It is too early to write a full history of deep learning—and some of the details are contested—but we can already trace an admittedly incomplete outline of its origins and identify some of the pioneers. They include Warren McCulloch and Walter Pitts, who as early as 1943 proposed an artificial neuron (PDF–1.2MB), a computational model of the “nerve net” in the brain. Bernard Widrow and Ted Hoff at Stanford University, developed a neural-network application by reducing noise in phone lines in the late 1950s.
Around the same time, Frank Rosenblatt, an American psychologist, introduced the idea of a device called the Perceptron (PDF–1.55MB), which mimicked the neural structure of the brain and showed an ability to learn. MIT’s Marvin Minsky and Seymour Papert then put a damper on this research in their 1969 book Perceptrons by showing mathematically that the Perceptron could only perform very basic tasks. Their book also discussed the difficulty of training multilayer neural networks.
In 1986, Geoffrey Hinton at the University of Toronto, along with colleagues David Rumelhart and Ronald Williams, solved this training problem with the publication of a now famous back-propagation training algorithm—although some practitioners point to a Finnish mathematician, Seppo Linnainmaa, as having invented back-propagation already in the 1960s. Yann LeCun at New York University pioneered the use of neural networks on image-recognition tasks and his 1998 paper (PDF–430KB) defined the concept of convolutional neural networks, which mimic the human visual cortex. In parallel, John Hopfield popularized the “Hopfield” network (PDF–1.13MB), which was the first recurrent neural network. This was subsequently expanded upon by Jürgen Schmidhuber and Sepp Hochreiter in 1997 with the introduction of the long short-term memory (LSTM) (PDF–388KB), greatly improving the efficiency and practicality of recurrent neural networks. Hinton and two of his students in 2012 highlighted the power of deep learning (PDF–1.35MB) when they obtained significant results in the well-known ImageNet competition, based on a dataset collated by Fei-Fei Li and others. At the same time, Jeffrey Dean and Andrew Ng were doing breakthrough work on large-scale image recognition (PDF–263KB) at Google Brain.

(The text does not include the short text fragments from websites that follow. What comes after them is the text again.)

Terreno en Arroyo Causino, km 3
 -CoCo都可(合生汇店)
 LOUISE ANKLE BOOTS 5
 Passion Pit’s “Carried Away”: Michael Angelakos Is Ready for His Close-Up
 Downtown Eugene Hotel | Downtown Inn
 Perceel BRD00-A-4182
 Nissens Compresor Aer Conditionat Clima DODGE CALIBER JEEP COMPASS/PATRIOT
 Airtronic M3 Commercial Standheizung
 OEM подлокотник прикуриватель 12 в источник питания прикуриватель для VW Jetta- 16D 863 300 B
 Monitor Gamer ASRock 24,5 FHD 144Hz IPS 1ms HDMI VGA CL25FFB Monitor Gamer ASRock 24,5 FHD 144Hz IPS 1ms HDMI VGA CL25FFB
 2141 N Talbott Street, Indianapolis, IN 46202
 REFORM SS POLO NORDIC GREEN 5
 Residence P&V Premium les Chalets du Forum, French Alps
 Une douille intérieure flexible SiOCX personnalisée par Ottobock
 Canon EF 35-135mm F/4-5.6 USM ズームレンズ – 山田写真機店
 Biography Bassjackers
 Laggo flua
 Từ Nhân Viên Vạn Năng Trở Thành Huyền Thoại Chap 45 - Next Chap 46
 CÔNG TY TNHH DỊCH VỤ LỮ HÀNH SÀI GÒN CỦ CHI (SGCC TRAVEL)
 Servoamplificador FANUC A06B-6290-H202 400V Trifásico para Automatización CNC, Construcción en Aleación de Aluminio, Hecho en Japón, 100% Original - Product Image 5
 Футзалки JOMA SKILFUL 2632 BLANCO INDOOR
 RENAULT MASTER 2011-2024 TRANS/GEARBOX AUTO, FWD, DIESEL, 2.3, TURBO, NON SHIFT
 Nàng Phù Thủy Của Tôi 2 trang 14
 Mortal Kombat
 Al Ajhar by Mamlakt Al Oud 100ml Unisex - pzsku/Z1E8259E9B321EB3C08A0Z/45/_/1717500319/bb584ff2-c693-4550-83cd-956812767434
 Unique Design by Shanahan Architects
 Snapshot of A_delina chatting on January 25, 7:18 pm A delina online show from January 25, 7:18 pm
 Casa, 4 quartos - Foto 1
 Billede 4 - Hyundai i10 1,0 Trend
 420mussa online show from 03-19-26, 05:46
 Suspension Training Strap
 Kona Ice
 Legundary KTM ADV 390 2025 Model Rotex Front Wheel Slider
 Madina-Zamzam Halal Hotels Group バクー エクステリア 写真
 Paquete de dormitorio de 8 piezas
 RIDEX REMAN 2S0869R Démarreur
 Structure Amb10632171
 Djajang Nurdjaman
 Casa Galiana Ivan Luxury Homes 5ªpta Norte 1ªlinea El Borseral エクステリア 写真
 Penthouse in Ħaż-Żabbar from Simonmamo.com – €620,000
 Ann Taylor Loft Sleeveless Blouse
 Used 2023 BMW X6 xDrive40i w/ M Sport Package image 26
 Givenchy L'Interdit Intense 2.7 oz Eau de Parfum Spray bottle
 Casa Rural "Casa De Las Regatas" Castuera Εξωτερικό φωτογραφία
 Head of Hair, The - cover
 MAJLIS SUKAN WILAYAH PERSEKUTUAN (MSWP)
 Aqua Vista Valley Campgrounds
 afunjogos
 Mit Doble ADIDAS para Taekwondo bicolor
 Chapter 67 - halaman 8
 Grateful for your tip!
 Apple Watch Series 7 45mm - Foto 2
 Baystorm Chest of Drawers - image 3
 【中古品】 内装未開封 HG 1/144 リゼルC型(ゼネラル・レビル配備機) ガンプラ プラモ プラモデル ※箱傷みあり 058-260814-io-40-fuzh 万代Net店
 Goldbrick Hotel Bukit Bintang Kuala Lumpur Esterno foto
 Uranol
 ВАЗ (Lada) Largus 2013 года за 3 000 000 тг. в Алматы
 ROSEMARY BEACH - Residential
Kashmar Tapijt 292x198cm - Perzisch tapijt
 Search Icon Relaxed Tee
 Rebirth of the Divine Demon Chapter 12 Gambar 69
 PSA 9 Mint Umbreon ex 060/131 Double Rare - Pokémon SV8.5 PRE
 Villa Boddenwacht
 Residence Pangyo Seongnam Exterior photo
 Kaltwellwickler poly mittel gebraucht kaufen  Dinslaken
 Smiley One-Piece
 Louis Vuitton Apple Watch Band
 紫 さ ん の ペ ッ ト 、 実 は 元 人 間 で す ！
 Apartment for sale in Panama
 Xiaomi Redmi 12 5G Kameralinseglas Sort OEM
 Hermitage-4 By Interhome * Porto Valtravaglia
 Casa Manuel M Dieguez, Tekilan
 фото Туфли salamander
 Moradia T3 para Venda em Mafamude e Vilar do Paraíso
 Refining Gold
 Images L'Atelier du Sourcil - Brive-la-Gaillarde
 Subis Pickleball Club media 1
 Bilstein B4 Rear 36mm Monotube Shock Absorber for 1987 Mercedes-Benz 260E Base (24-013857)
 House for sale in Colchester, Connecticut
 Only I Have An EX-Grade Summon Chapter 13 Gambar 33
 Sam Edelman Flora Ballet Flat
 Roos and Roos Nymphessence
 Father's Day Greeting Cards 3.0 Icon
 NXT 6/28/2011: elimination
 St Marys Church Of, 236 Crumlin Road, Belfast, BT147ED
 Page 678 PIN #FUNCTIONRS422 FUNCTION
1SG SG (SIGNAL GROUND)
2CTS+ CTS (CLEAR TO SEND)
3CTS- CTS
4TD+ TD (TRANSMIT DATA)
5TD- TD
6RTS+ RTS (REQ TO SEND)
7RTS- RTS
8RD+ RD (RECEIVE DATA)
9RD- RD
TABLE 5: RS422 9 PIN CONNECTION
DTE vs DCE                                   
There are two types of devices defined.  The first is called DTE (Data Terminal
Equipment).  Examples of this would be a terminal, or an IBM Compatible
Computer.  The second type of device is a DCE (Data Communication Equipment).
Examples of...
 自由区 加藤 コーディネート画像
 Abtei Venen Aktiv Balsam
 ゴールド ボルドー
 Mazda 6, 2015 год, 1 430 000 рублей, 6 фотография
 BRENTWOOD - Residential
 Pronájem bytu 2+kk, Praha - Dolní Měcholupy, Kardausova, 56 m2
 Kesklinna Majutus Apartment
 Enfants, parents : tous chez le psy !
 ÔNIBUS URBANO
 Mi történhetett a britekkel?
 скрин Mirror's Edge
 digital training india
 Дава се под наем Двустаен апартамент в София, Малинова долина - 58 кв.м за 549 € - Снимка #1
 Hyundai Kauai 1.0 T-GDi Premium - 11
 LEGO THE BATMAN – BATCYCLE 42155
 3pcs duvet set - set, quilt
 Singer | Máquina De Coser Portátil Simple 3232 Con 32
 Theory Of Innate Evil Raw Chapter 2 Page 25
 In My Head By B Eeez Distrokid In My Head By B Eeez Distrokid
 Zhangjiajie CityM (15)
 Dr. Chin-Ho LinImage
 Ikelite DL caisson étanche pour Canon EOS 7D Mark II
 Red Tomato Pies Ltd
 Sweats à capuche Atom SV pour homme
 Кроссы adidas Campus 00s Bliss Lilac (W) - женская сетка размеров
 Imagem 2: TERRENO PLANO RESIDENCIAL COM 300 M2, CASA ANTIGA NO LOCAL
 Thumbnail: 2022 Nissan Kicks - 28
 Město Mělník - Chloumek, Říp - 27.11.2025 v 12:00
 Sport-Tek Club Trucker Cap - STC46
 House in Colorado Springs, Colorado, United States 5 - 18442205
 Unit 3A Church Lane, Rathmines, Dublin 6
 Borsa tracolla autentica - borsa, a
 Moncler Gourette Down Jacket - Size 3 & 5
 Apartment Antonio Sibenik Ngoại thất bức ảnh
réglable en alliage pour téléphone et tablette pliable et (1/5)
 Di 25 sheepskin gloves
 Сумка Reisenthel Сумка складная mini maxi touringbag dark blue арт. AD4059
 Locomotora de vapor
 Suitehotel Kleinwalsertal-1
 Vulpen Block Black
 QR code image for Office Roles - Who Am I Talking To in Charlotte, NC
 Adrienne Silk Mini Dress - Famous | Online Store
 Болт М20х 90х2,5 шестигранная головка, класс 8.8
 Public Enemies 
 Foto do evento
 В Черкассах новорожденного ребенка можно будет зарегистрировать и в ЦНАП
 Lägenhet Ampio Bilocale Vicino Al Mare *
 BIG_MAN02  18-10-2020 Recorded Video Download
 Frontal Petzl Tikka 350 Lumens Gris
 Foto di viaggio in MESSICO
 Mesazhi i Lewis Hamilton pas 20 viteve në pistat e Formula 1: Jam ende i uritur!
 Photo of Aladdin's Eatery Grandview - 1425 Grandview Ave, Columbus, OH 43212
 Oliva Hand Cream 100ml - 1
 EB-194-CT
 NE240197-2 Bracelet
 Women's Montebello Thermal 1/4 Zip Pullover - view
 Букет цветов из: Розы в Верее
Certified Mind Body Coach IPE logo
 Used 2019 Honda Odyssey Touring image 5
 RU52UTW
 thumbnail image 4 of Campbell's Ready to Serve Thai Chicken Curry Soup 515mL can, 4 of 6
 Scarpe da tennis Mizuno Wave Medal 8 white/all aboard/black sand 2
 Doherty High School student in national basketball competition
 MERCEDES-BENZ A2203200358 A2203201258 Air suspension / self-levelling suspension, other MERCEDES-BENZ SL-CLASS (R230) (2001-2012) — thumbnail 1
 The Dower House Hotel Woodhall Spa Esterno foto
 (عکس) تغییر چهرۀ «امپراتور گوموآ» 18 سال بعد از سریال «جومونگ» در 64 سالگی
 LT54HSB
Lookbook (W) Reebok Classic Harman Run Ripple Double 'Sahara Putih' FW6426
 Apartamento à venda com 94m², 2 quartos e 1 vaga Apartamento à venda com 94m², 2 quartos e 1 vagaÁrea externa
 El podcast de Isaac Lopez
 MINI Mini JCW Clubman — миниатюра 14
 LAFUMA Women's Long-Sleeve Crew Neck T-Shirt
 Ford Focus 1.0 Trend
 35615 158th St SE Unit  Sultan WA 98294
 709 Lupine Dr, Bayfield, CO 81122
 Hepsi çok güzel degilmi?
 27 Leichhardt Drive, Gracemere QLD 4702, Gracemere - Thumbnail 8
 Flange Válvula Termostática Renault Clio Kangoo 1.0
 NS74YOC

Deep learning also enhanced the existing field of reinforcement learning, led by researchers such as Richard Sutton (PDF–3.96MB), leading to the game-playing successes of systems developed by DeepMind. In 2014, Ian Goodfellow published a paper on generative adversarial networks (PDF–527KB), which along with reinforcement learning has become the focus of much of the recent research in the field.
Continuing advances in artificial-intelligence (AI) capabilities have led to Stanford University’s One Hundred Year Study on Artificial Intelligence, founded by Eric Horvitz, building on the longstanding research he and his colleagues have led at Microsoft Research. We have benefited from the input and guidance of many of these pioneers in our research over the past few years.